As revealed in 2013, Adhi continued to be lead actor and chose Aathmika to pair for him, after coming across her Facebook profile. The film features a mostly new cast and crew as per Adhi's wishes, with being Vivek, who plays Adhi's father, the only established actor.

=== Filming ===
Though pre-production began in August 2013, the film, as of October 2016, was reported to have completed 45 days of shoot with two songs left to be shot. Filming ended by early November 2016.

== Music ==

Hiphop Tamizha composed the music of the film. A promotional song, "Sait Ji", was released in late 2016. Sundar received a legal notice from Ashok G Lodha of Shri All India Shwetamber Sthanakwasi Jain Conference. Lodha objected to the words "Sait Ji", meaning "affluent trader", and demanded that they be removed from the song, feeling it was "a classic example of abuse of the (Jain) community in the name of creativity and art." Sundar obliged, and had the words removed not only from the song, but also from the finished film, and the word "Sait Ji" was replaced with "Great Ji". The original YouTube video was deleted. The song "Vaadi Pulla Vaadi", released as a single years before the film was shot, appears onscreen.

Track listing
| No. | Title | Singer(s) | Length |
|---|---|---|---|
| 1. | "Great Ji" | Hiphop Tamizha | 4:21 |
| 2. | "Machi Enggalukku Ellam" | Hiphop Tamizha | 2:29 |
| 3. | "Enna Nadanthalum" | Kaushik Krish, Hiphop Tamizha | 4:05 |
| 4. | "Maatikichu" | Mahalingam, Hiphop Tamizha | 3:17 |
| 5. | "Vaadi Nee Vaadi" | Rajan Chelliah, Hiphop Tamizha | 3:05 |
| 6. | "Meesaya Murukku – Title Track" | Kharesma Ravichandran, Hiphop Tamizha | 3:42 |
| 7. | "Sakkarakatti" | Hiphop Tamizha | 3:09 |
| 8. | "Vaadi Pulla Vaadi" (additional song) | Hiphop Tamizha | 4:30 |
| Total length: |  |  | 28:38 |

== Critical reception ==
Meesaya Murukku received mostly positive reviews.

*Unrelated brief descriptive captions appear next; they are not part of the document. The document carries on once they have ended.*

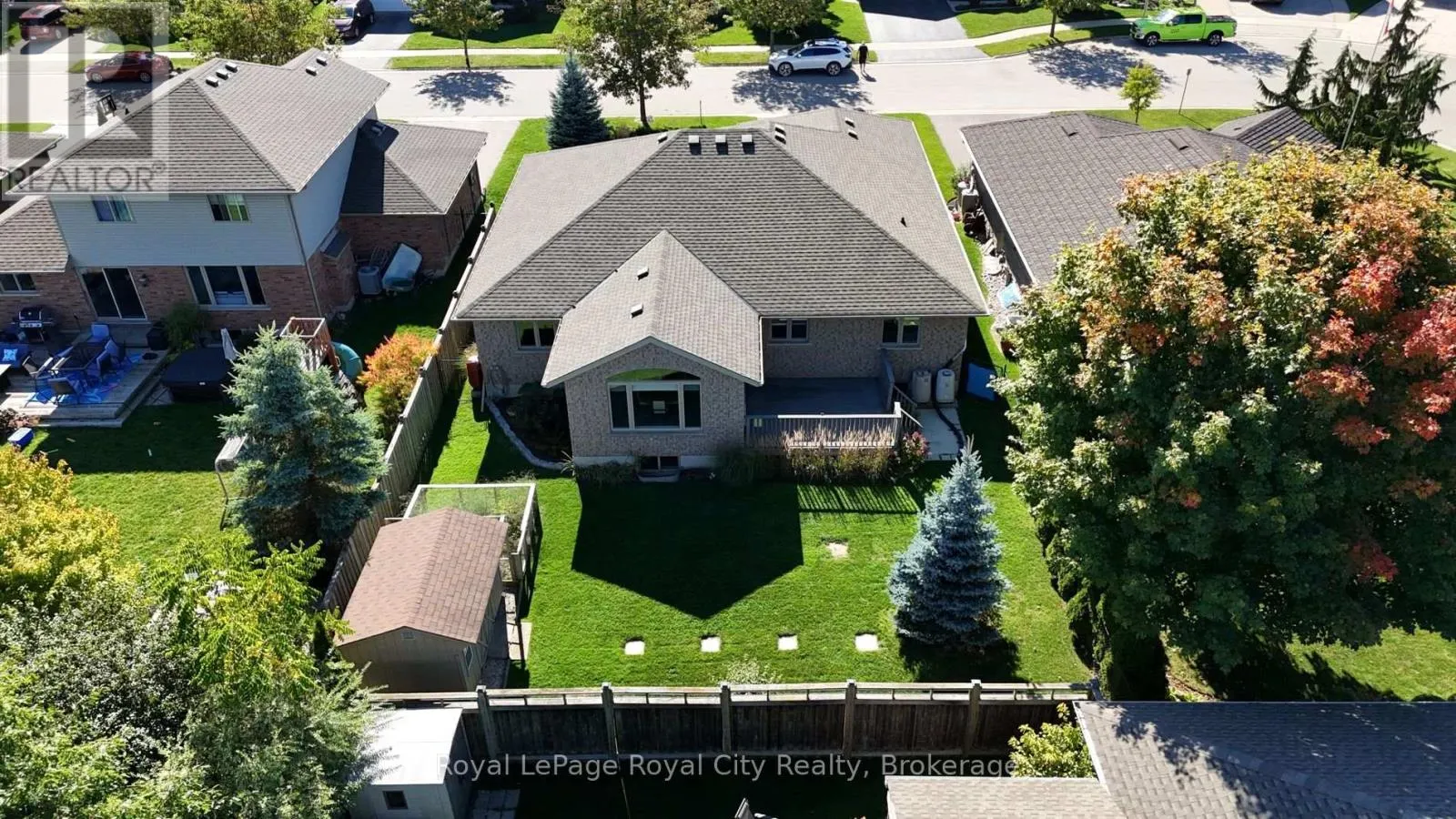 72 STANLEY CRESCENT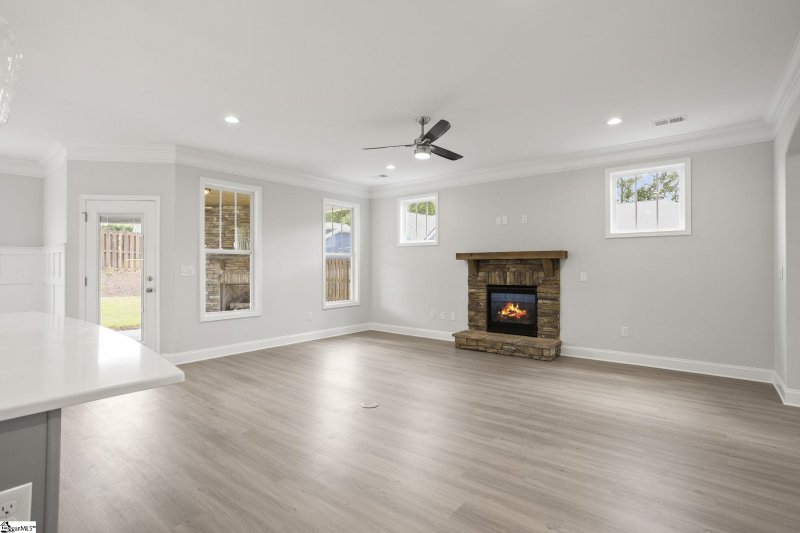 Property image 2 at 2 Dinsmore Court, Greenville, SC 29607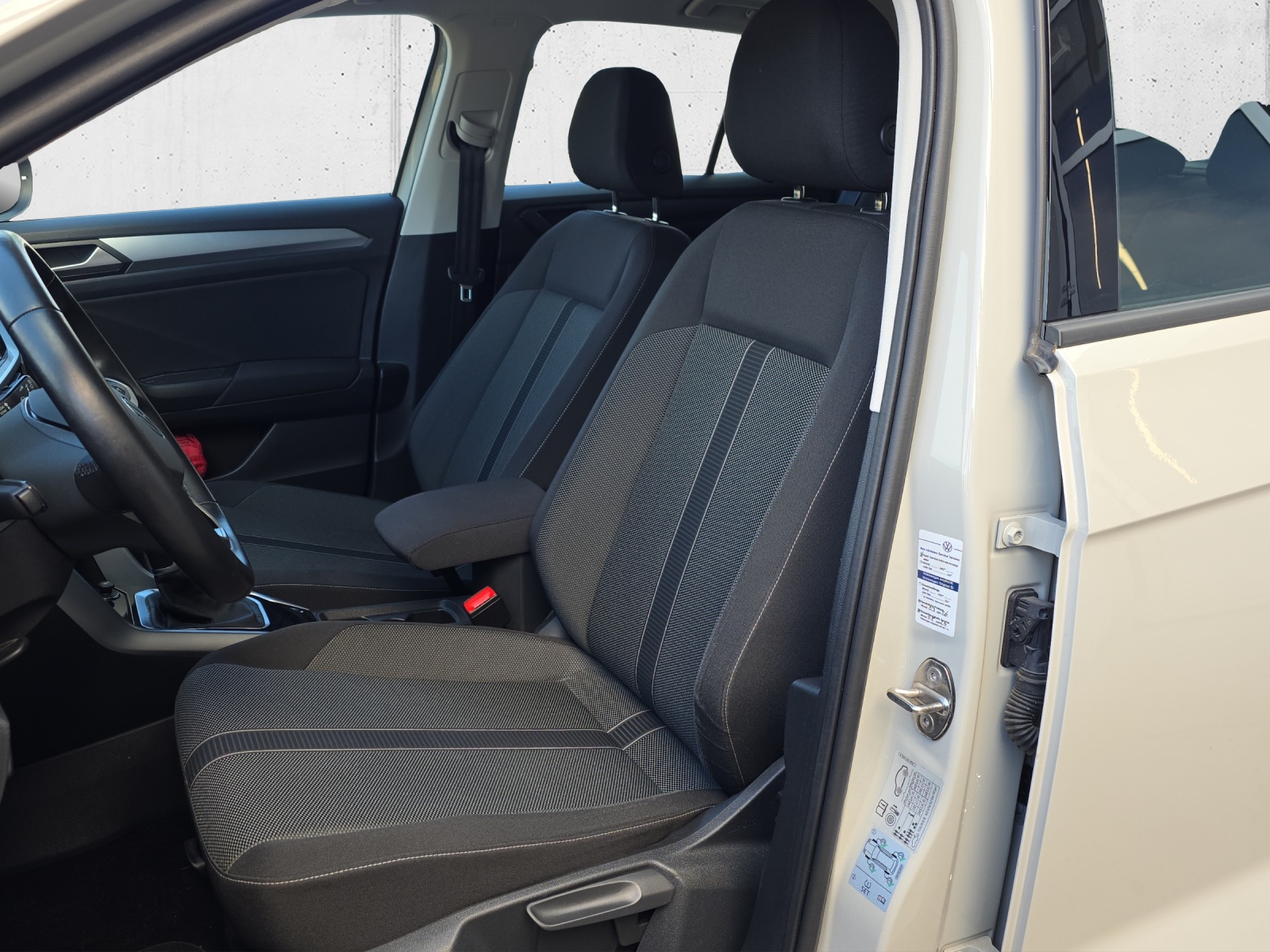 VW T-Roc 1.5 TSI EVO Life DSG mit Anhängevorrichtung, Navi, DAB+ & Sitzheizung-image-11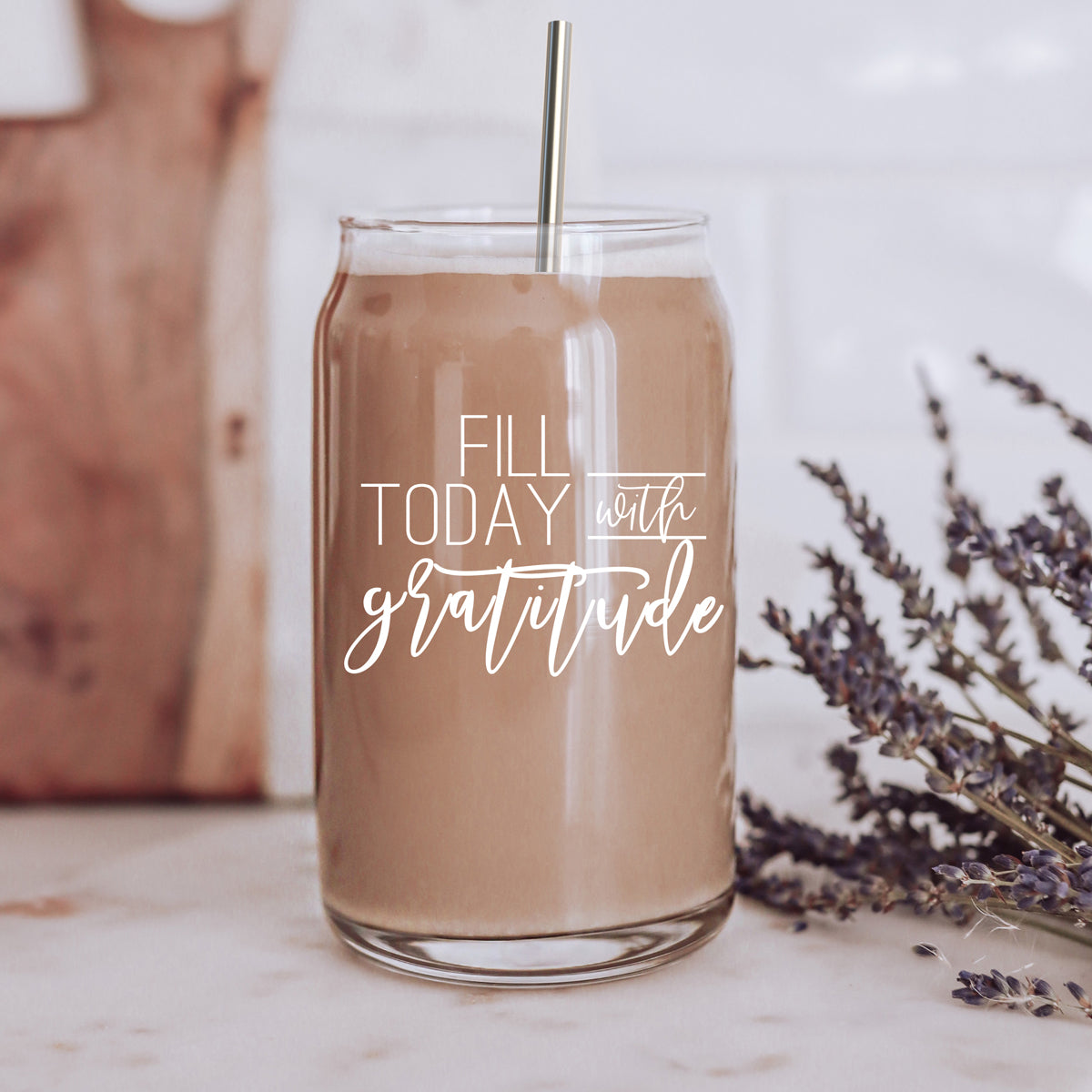 Gratitude Set featuring high borosilicate glass cups with bamboo lids and stainless steel straws, perfect for various beverages.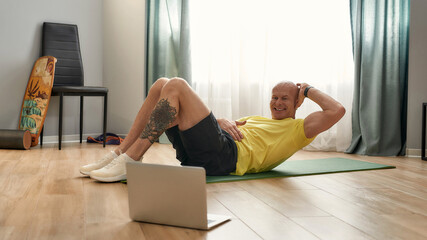 Obraz premium Coach performing exercises in self-isolation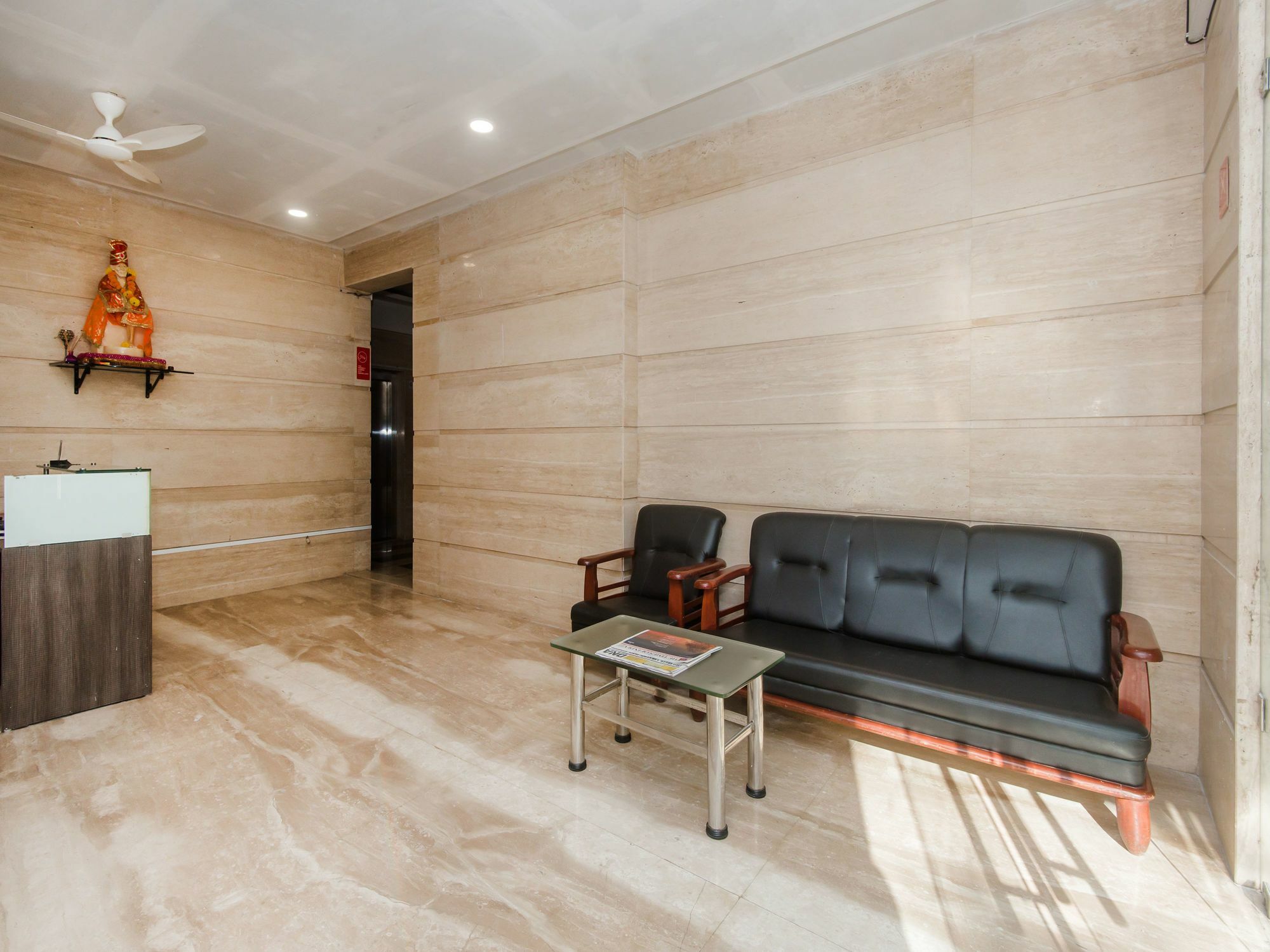 Oyo 633 Ontime Luxurious Hotel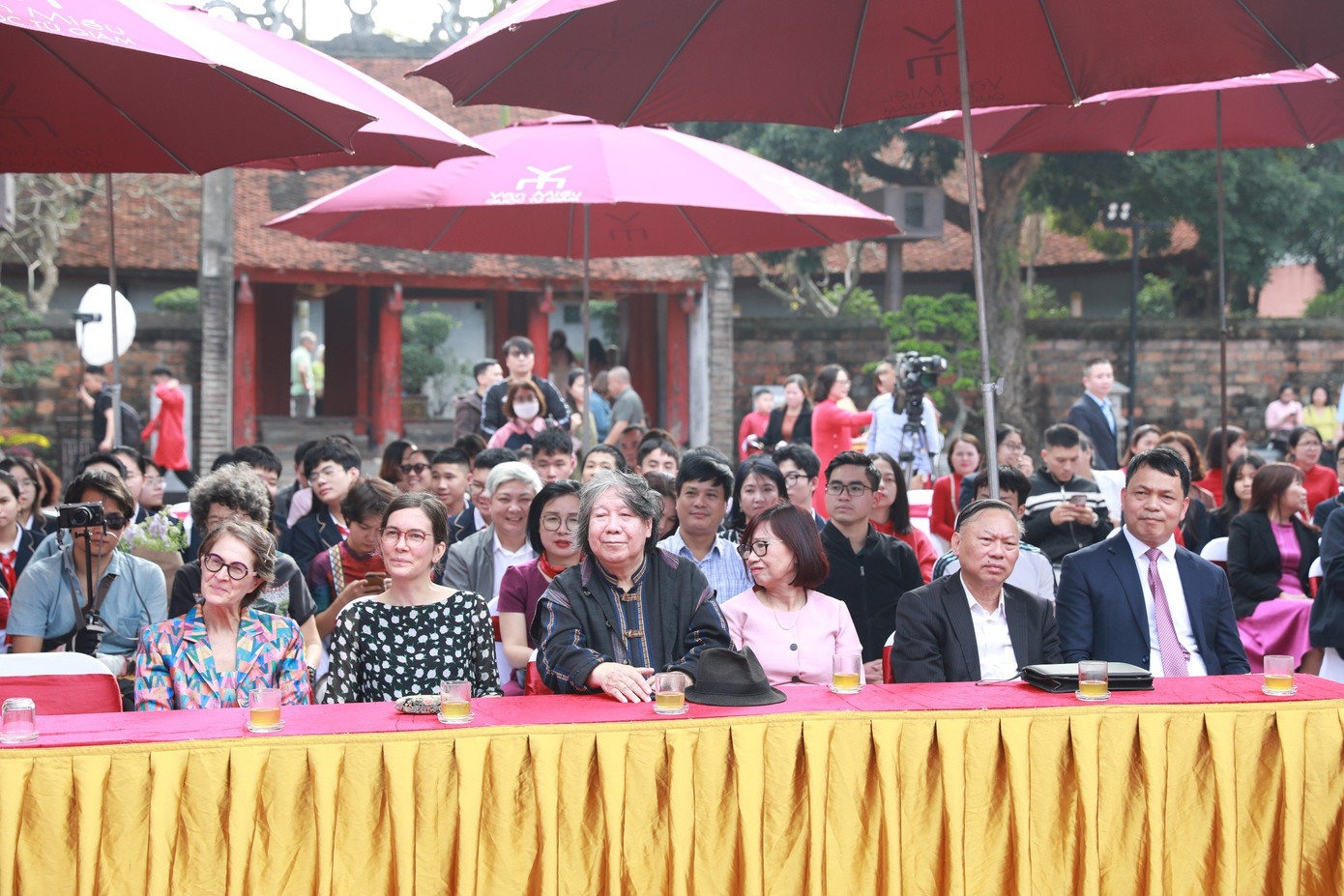 Trưng bày sử dụng hơn 300 tài liệu hiện vật, chia 4 phần nội dung chính được giới thiệu theo dòng lịch sử để tái hiện lại cuộc đời và những đóng góp của vua Lý Thánh Tông, vua Lý Nhân Tông, vua Lê Thánh Tông, thầy giáo Chu Văn An và những người có tầm ảnh hưởng như Nguyên phi Ỷ Lan, danh nhân khoa bảng Lê Văn Thịnh, Thân Nhân Trung, Lương Thế Vinh... Trưng bày sử dụng hơn 300 tài liệu hiện vật, chia 4 phần nội dung chính được giới thiệu theo dòng lịch sử để tái hiện lại cuộc đời và những đóng góp của vua Lý Thánh Tông, vua Lý Nhân Tông, vua Lê Thánh Tông, thầy giáo Chu Văn An và những người có tầm ảnh hưởng như Nguyên phi Ỷ Lan, danh nhân khoa bảng Lê Văn Thịnh, Thân Nhân Trung, Lương Thế Vinh...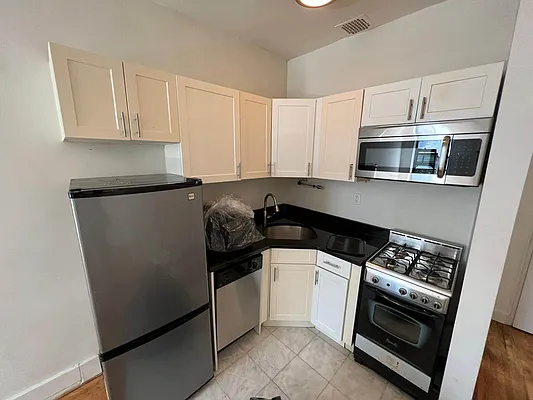 Rented by Best Apartments North Inc | media 1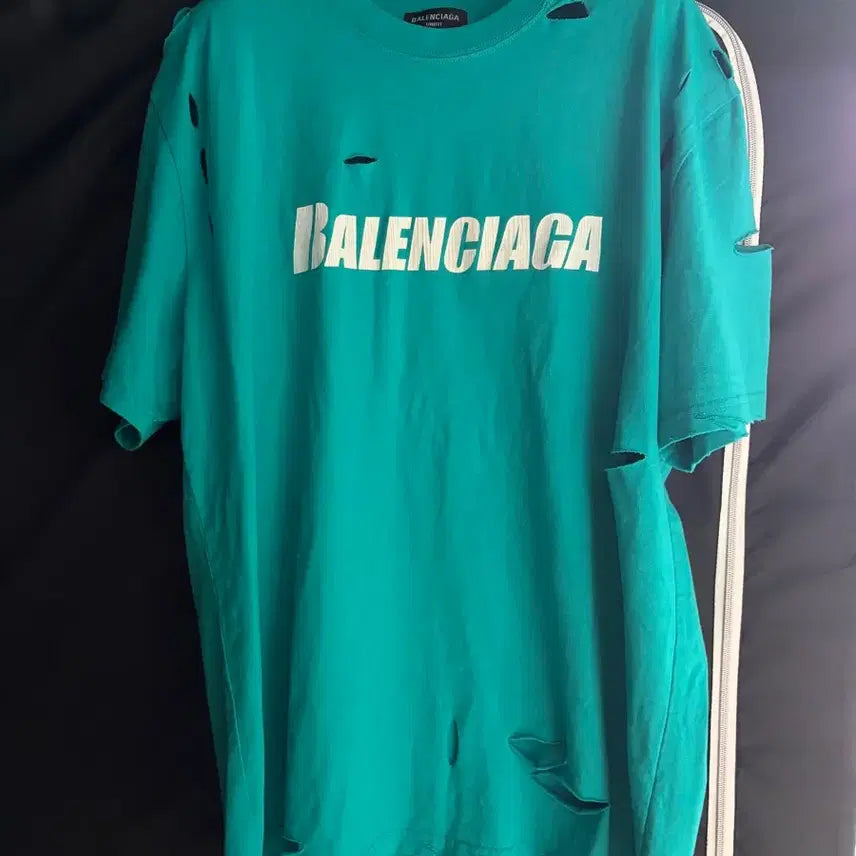 [BUNJANG] Balenciaga Distressed Short Sleeve T-Shirt Size S / 발렌시아가 디스트로이드 반팔 s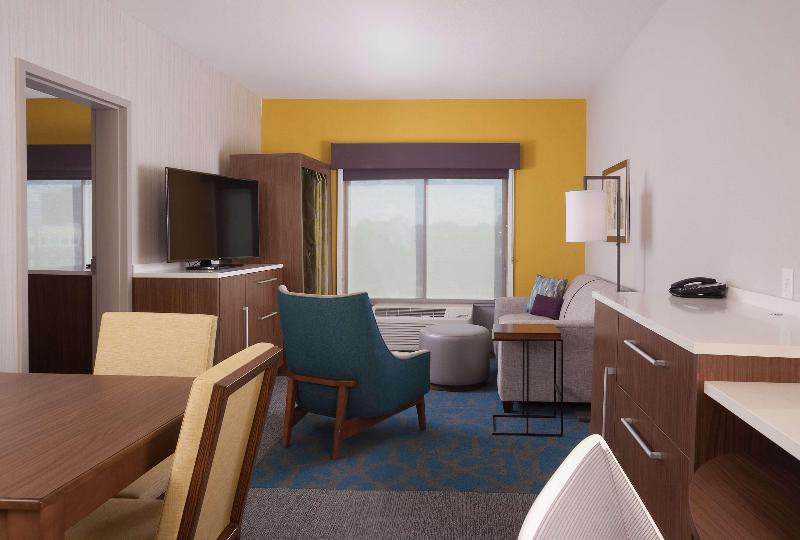 Home2 Suites by Hilton Atlanta Perimeter Center image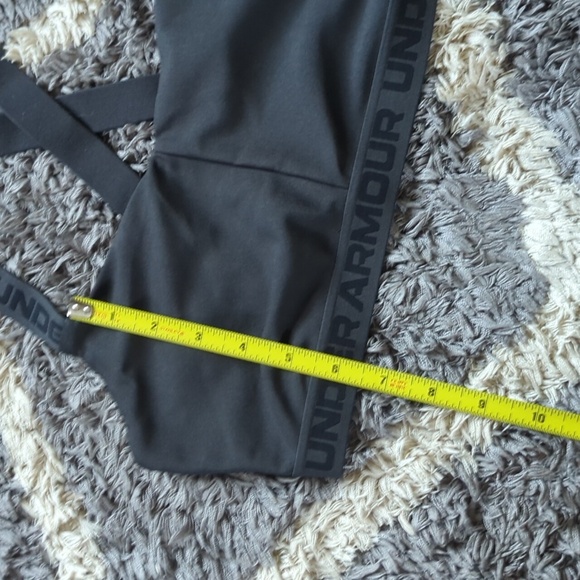 Under Armour Black Criss Cross Back Sports Bra - Picture 4 of 6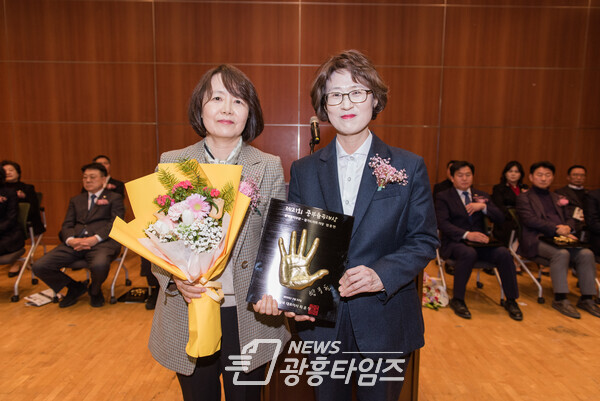 염종현 의장, 22일 '제21회 중부율곡대상' 광역정치부문 수상_ (왼쪽부터)전미란 여사, 최윤정 대표(사진제공=경기도의회) 염종현 의장, 22일 '제21회 중부율곡대상' 광역정치부문 수상_ (왼쪽부터)전미란 여사, 최윤정 대표(사진제공=경기도의회)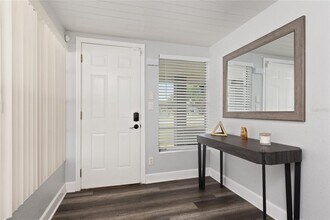 6045 Sage Dr in Orlando, FL - Building Photo - Building Photo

Baradwaj Rangan wrote for Film Companion, "Meesaya Murukku could have been a celebration of Tamil-ness [...] But the film, frustratingly, settles into an uninspired chronicle of college life: ragging, lusting for biriyani, cultural events, and romance [...] Meesaya Murukku has a few moments, but it's neither an effective romance nor a convincing coming-of-age drama." Sify stated, "Meesaya Murukku is a decent debut directorial and heroic outing from Adhi, the film clicks mainly because of the real life connect".

== Sequel ==
A spiritual successor Meesaya Murukku 2, again directed by Adhi, was released on 25 September 2026.